Hope on the Horizon for San Diego’s Disappearing Fishing Community
A young civil engineer traveled around the world working on projects before he ditched his desk job to start sea urchin diving full time. Now, 47 years later, Pete Halmay muses about diving San Diego’s waters. “It’s not for everybody,” he concedes, “but if you love being out there, man there’s no better life and diving is better than anything. You don’t have to work on gear. You pick everything by hand, there’s no bycatch. When you come in and are done for the day, you go home.” Halmay would love to dive with his son, Luke. But, over the past six years, Luke has come up short in the limited-entry lottery for a license. Aging fishermen like Halmay, 71, are pushing to stay in the industry to ensure the future of fishing, but it’s only gotten harder. While Americans want more seafood, the national fisheries are the most tightly managed in the world and cheaper sources (many unregulated) are competing for a place on the plate.

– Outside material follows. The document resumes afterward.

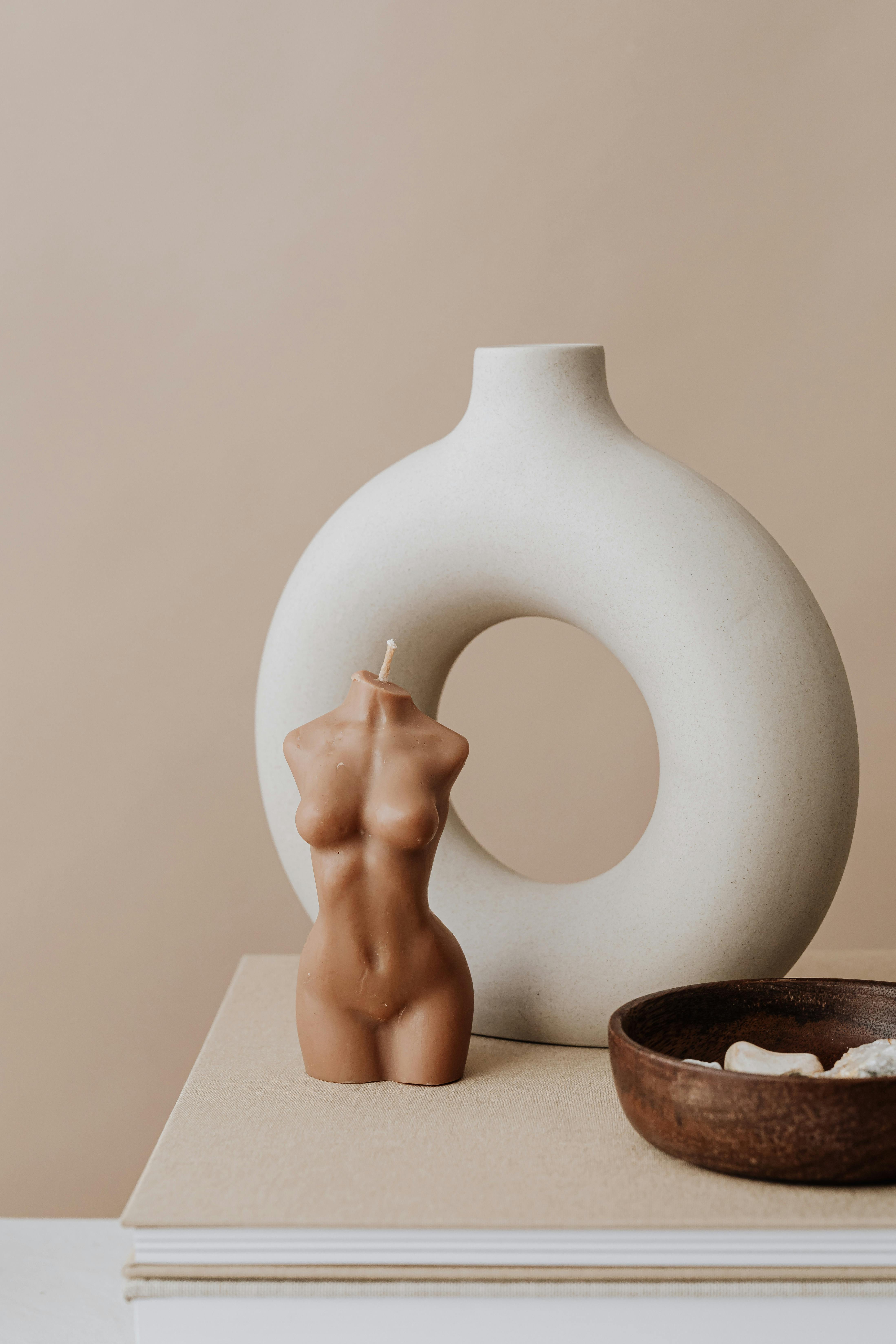 What are the characteristics of ceramic handicrafts?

The fishing dynasty system can work. If you’re raised with parents getting up and out well before rush hour kicks in, the natural rhythms of fishing are ingrained. However, if you’re looking to build a fishing career from scratch, it’s more challenging. But no matter how one enters the fishing profession, it’s a long game with few guarantees. Sea urchin fisherman turned processor, Dave Rudie, puts it this way, “It’s hard work, inconsistent income, there are barriers to entry, and it’s expensive to buy a boat, gear, and permits.”
When he was barely a teenager, Nick Haworth bought his first commercial license to crew on a purse seine squid boat. Now, with his own boat and the transfer of his father’s license, he sets lobster traps in the winter. Looking to become a captain on large ships, Nick has been going out for a month at a time to train on tuna boats while his father, David, manages their small fleet from San Diego. Regulations prevent David from using the lobster license when Nick is at sea, but he still has more than enough to do.

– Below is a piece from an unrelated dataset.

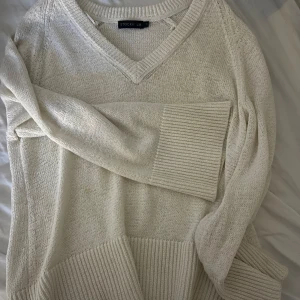 Stickad v-ringad vit tröja - Jätte fin stickad tröja med bra kvalitet. Används bara några få gånger, skriv för bild på🤍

“I slept with a fishing pole as a kid. It’s all I ever wanted to do,” David Haworth says. He owns a half dozen small boats after growing into the industry with his father. Now he manages the intricacies of working different fisheries. “I find the crew and captain, deal with meetings and political stuff to stay in business, order bait, pay bills, insurance, and fishing permits. I send in logbooks and set the VMS (vessel monitoring systems) on all the boats. Then there’s maintenance. That’s almost a full-time job.” He also orders tackle for delivery since local stores have closed. It all keeps him very busy along with quality checks, marketing, selling, and setting prices. David told himself that he was retiring at 50 but, “I’m working way more than when I was younger.”
It’s intimidating when you just want to fish for a living. Swordfish, lobster, and sea urchins were the top San Diego fisheries in 2016. Some of those fishing licenses can be purchased, and each fishing technology has its regulations. Tuna and swordfish licenses are open-access, with different rules depending on the gear and where you’re fishing. Purchasing, outfitting, investing in, and running big boats to fish far offshore can run over $800,000. With over 60 different species coming into San Diego during the year, each catch has its own season, regulations, permits, licenses, and taxes to adhere to.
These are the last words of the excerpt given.